▸ Requirement: The required output is the exact text of the lines from the line containing "Jaron Faulds (44) and Moussa Diabate (14)" through the final line below, inclusive, without pictures.

▸ Supplied data:
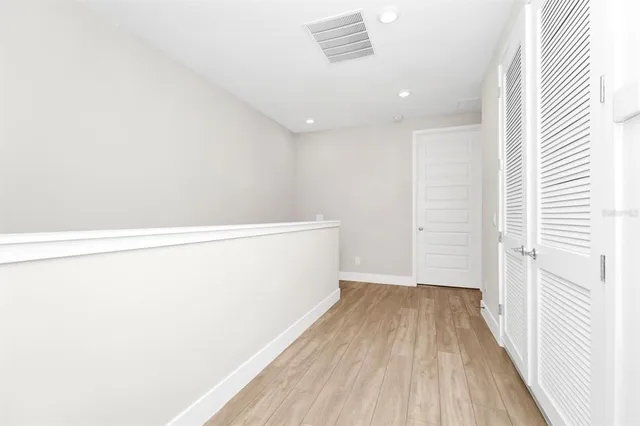 a view of small space with wooden floor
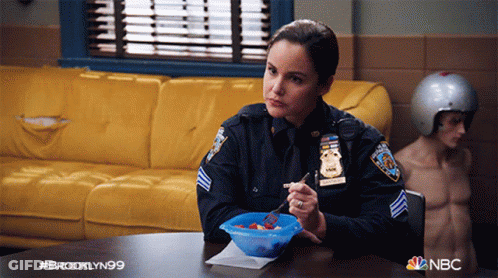 Woman In Police Uniform Sitting At Table GIF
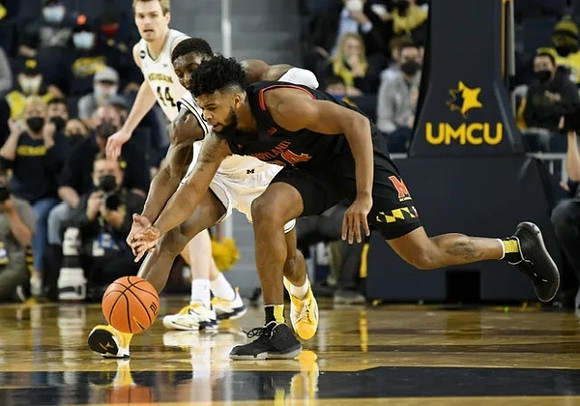 Jaron Faulds (44) and Moussa Diabate (14)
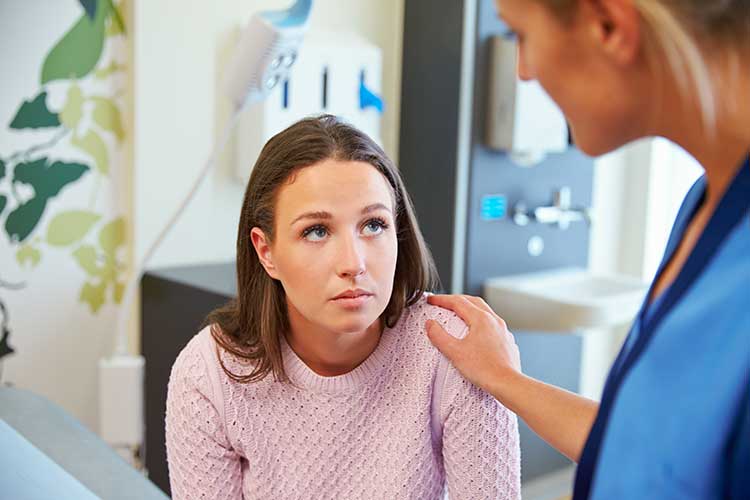 nurse comforting patient de-escalation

▸ Written solution:
 Jaron Faulds (44) and Moussa Diabate (14)
 nurse comforting patient de-escalation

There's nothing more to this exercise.